Dan Drezner at http://www.danieldrezner.com/archives/002167.html (sorry - I'm on an alien computer and can't figure out "highlight" quite yet) says pretty much what I'd like to say about a recent Chronicle of Higher Education piece (the link's in his article) which complains under a pseudonym about bloggers who don't use pseudonyms.

The author is on an academic hiring committee which has the habit of turning up as finalists for their jobs only non-academic bloggers -- people whose blogs are about venting personal stuff. Since there are many serious impersonal academic bloggers, from graduate students to professors, this outcome says something about the nature of this search committee, perhaps, but little about academic bloggers.

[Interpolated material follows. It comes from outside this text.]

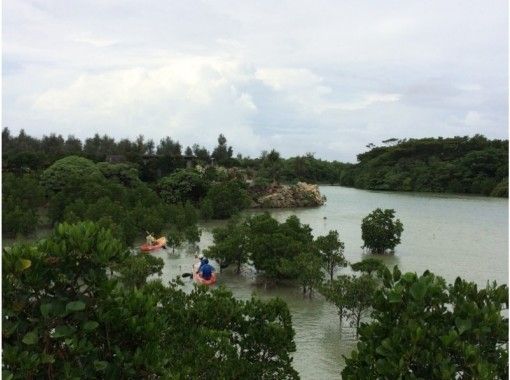沖縄県 宮古島 伊良部島 地域共通クーポン対象 プライベートディナー 絶景露天風呂つき シーカヤック サンセットツアー アクティビティジャパン 沖縄県 宮古島 伊良部島 地域共通クーポン対象 プライベートディナー 絶景露天風呂つき シーカヤック サンセットツアー アクティビティジャパン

Particularly sad in the original article is what the writer does with his correct observation that it's hard to find the obscure journal articles that candidates have typically written, and all too easy to find their blog entries. As a commenter on Drezner's blog points out, a focused and well-written academic blog gets hundreds of serious readers a day, while articles in obscure journals may not get read by anyone but search and promotion committee members. And yet the visibility and responsiveness that blogs represent seem to this committee member merely an occasion for possible embarrassment. Far better for everyone to squirrel away their ideas in hyperspecialized journals than to put their ideas out there and risk having them taken seriously by a real audience.

Sadder yet is the academic stereotype of timid conventionality that the tone as well as the anonymity of this piece reflect.

And saddest is the possibility that reprimands of this sort will stay the hand of intellectuals drawn to the blogosphere.